I’ve written about parks before — in fact, my last post before joining the book club was on an access park to the Bloomingdale Trail to be built at Milwaukee and Leavitt. But after reading chapter six of Death and Life, I felt like I’d like to take a fresh look at some other parks. So given the various design criteria that Jacobs uses to identify successful city parks, I thought I’d focus in on two fairly successful Chicago parks and their relation to these qualities.

Jacobs writes:

Intricacy that counts is mainly intricacy at eye level, change in the rise of ground, groupings of trees, openings leading to various focal points–in short, subtle expressions of difference.

and

Good small parks typically have a place somewhere within them commonly understood to be the center–at the very least a main crossroads and pausing point, a climax…People try hard to create centers and climaxes to a park, even against odds. Sometimes it is impossible. Long strip parks, like the dismally unsuccessful Sara Delano Roosevelt park in New York and many riverside parks, are frequently designed as if they were rolled out from a die stamper.

Wicker Park (roughly 600 x 650 x 850 ft)

I’ll start with my neighborhood park, Wicker Park. It’s fairly small at four acres, near the geographical center of the neighborhood it names. The triangular park boasts a playground, field-house and fountain in the western half, with a baseball field and a dog run in the southeast corner. In the summer and early fall, it hosts a farmer’s market.

I’ve found that usage of the park clusters near the western sidenear Damen Ave, even when the baseball diamond is not in use (and is thus free to other park users). It comes down to the intricacy criterion that Jacobs identifies: in the park’s western half, the playground, field house and fountain provide a sense of variety and diversity. And Chicago is known for being a resoundingly flat city (distressingly so to my Los Angeles-raised self), but the paths and stairs up to the fountain work to create a sense of elevation and difference.

As for centering, the fountain provides a fairly viable example — particularly on days with good weather, but even in the middle of winter, I see people reading, eating, chatting on the benches around the fountain and dozing or people-watching from the patches of grass within the circle encircling the fountain. Interestingly, in Jacobs’ discussion of Corlear Park, she notes that the ball field is among the “demand goods,” the most used part of that park. I’ve had the opposite experience in Wicker Park: aside from the days when I see a ball game being played, I usually see individuals clustering closer to the western edge.

Wicker Park is a good example of Jacobs’ neighborhood parks with good design: people instinctively surround the fountain as a centering element and cluster in those parts of the park that offer a varied and different landscape. It is also small enough and unique enough in the neighborhood that it is prized by the surrounding community as an area of green space.

Lincoln Park (about 5 1/4 mi long)

When I happened upon Jacobs’ mention of “long strip parks,” I immediately thought of Lincoln Park, the namesake of the affluent North Side neighborhood.
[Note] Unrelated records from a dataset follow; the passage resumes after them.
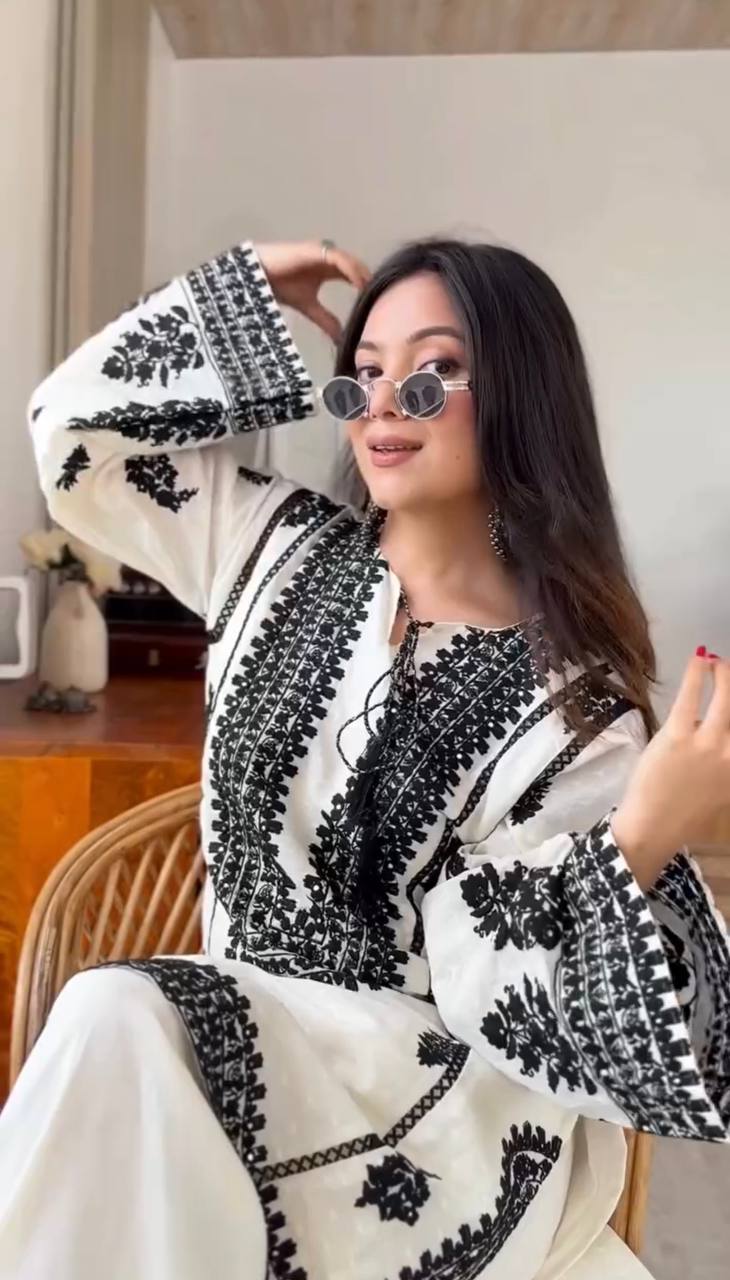 RangBhoomi New Designer Collection Rayon Butti Silk Fully Stitched Top and Bottom Set, Ready to Wear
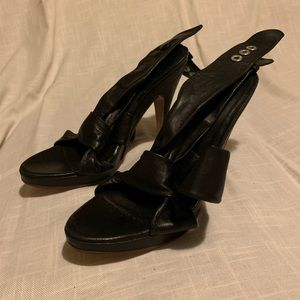 Black strap high heels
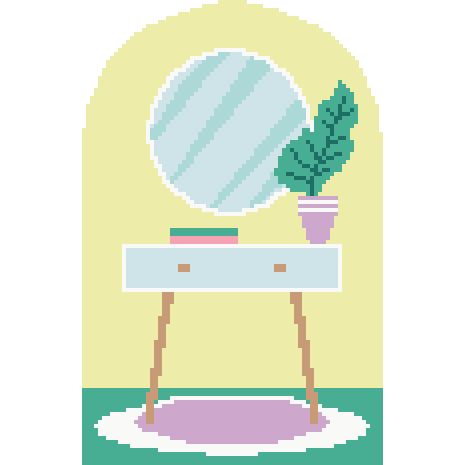 Схема вышивки крестом для начинающих Бохо интерьер PDF простая детская декор стол зеркало растение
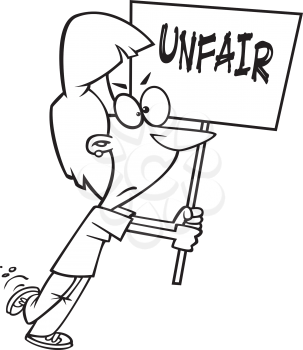 Royalty Free Clipart Image of a Female Protesting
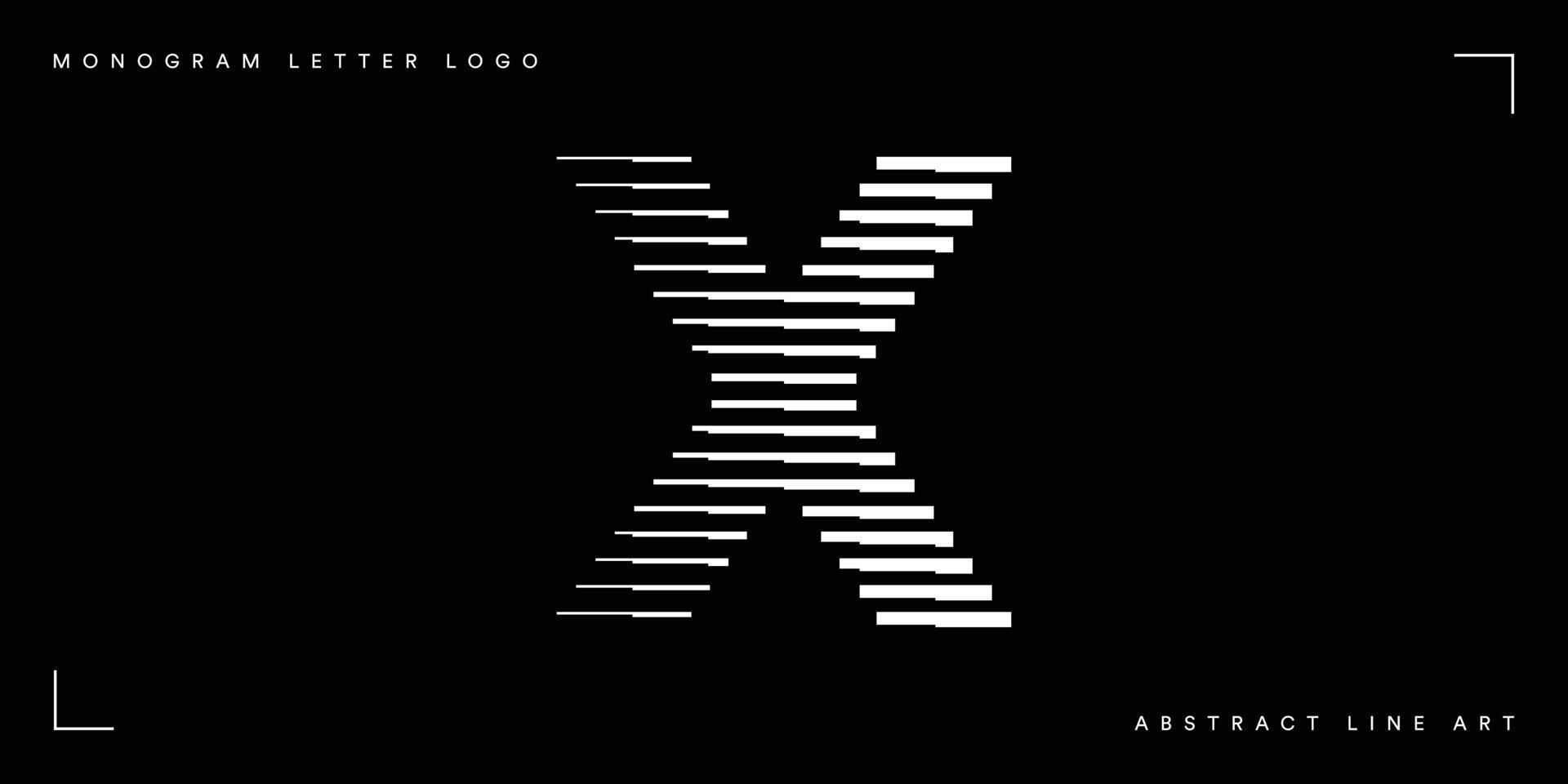 Abstract line art letter x monogram logo vector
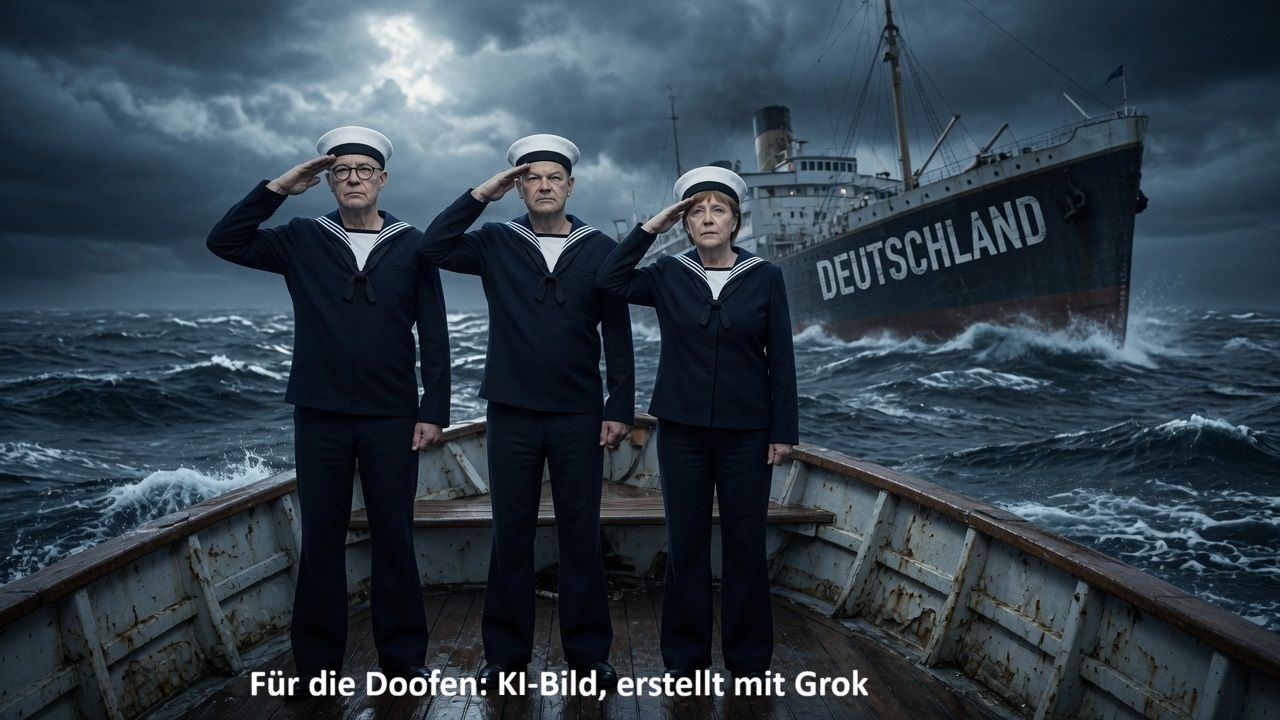 KI-Bild. Die letzten drei Bundeskanzler als Leichtmatrosen vor einem sinkenden Schiff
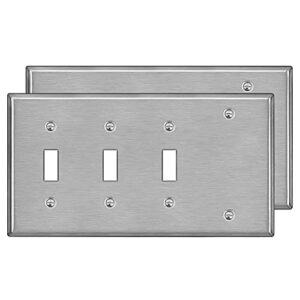 [2 Pack] BESTTEN 4-Gang Combo Metal Wall Plate with Ｗhite or Clear Plastic Film, 1-Blank/3-Toggle, Anti-Corrosion Stainless Steel Light Switch Cover, Standard Size, Brushed Finish, Silver
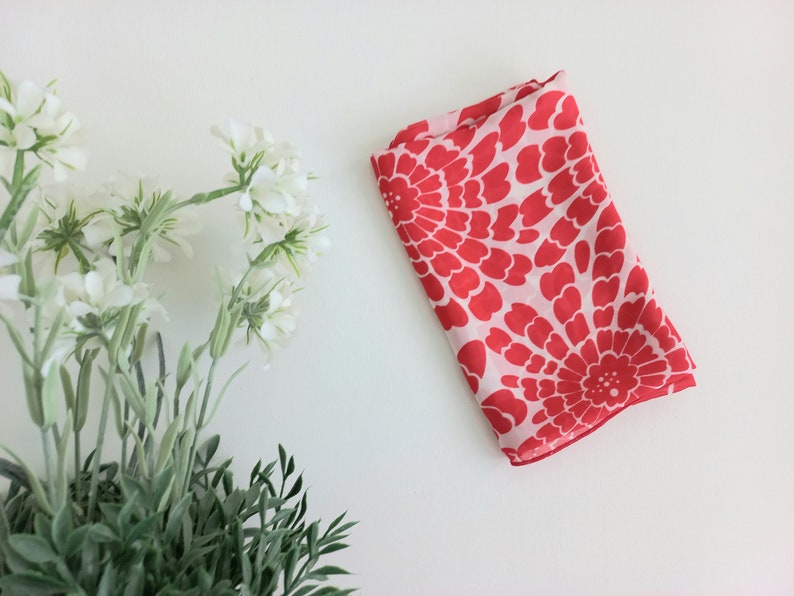 Womans Scarf: Floral scarf / Summer / Light Scarf / Hair Scarf / Vintage Scarf / Neck Scarf / Boho / Red / Gift / Accessory / Sustainable image 8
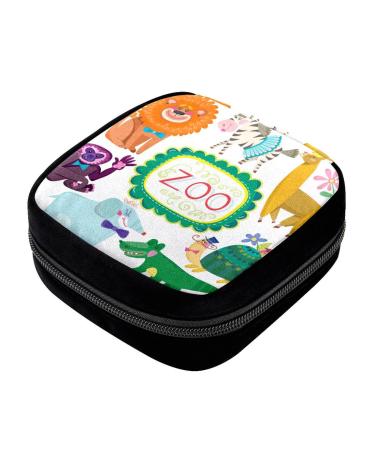 GIAPB Period Bag Sanitary Napkin Storage Bag Pad Holder for Period Makeup Pouch Cartoon Animals Picture Color2391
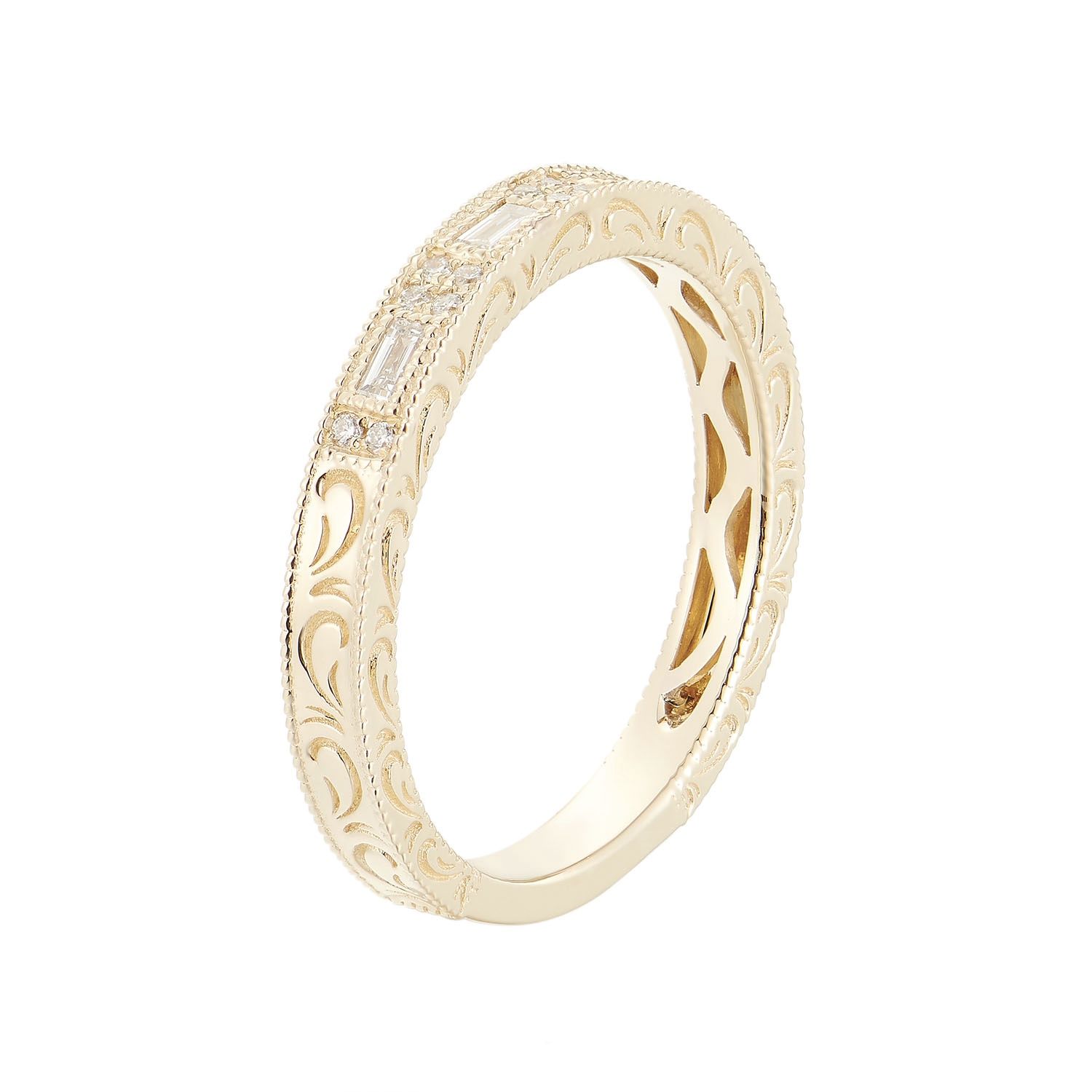 14K Yellow/White Gold Baguettes Natural Diamond  Vintage Band MZ6005, Colour: 14KYellow-2.61g-0.171ct-ND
Stretching from North Ave to Ardmore Ave — a distance of over five miles — the park is three hundred times larger than Wicker Park at 1,208 acres, stretched between Lake Michigan and a wall of buildings to the west.

On paper, Lincoln Park would seem to have some faults. It’s by definition a long strip park that doesn’t really have a center (about halfway up its length, the park is essentially bisected by Belmont Harbor). It’s separated from the lakefront by the quasi-expressway of Lake Shore Drive.

But Lincoln Park is indubitably one of the city’s most successful parks. It’s the second-most visited park (PDF: pg. 28) in the United States with 20 million visitors a year, which is particularly evident in the summer. The park certainly boasts many “demand goods” that Jacobs identifies at the end of the chapter — the zoo, marinas — but the park continues to see pretty heavy general use.

I think the key here is that the park isn’t just a long stretch of land along the lake but that in many ways it acts as a series of individual, smaller parks strung together. People certainly do use the Lakefront Trail (which stretches southward beyond this part of the city) from north to south; I’ve walked much of it myself.

But the park escapes the curse of those “long strip parks” that Jacobs mentions because it doesn’t feel like an endless unrolling identical pattern. While it’s difficult to identify a center for the whole park, different segments are delineated by elements such as the ponds, the zoo, the nature sanctuary and the marinas. And then within each o these sections, there’s a strong sense that it’s a coherent park.

The presence of the lake certainly helps, of course — but as we’ve seen in other lakefront and riverfront parks, the mere presence of water doesn’t guarantee a park’s success. I’ve certainly spent enough time on Manhattan forgetting that it’s an island, even when I’m very close to the water. At the same time, a large weakness of these types of lakeside parks is that by necessity they draw all traffic from one direction: in this case, largely from the park’s west (and from the north and south on either end), which could have doomed the foot traffic because there’s not really a compelling destination on the other side. Lincoln Park avoids this by not only being intricately designed, but by being “thin” enough that in most parts of the park one never feels too far and unsafe from the city and the lively sidewalk street life that helps sustain that feeling of safety.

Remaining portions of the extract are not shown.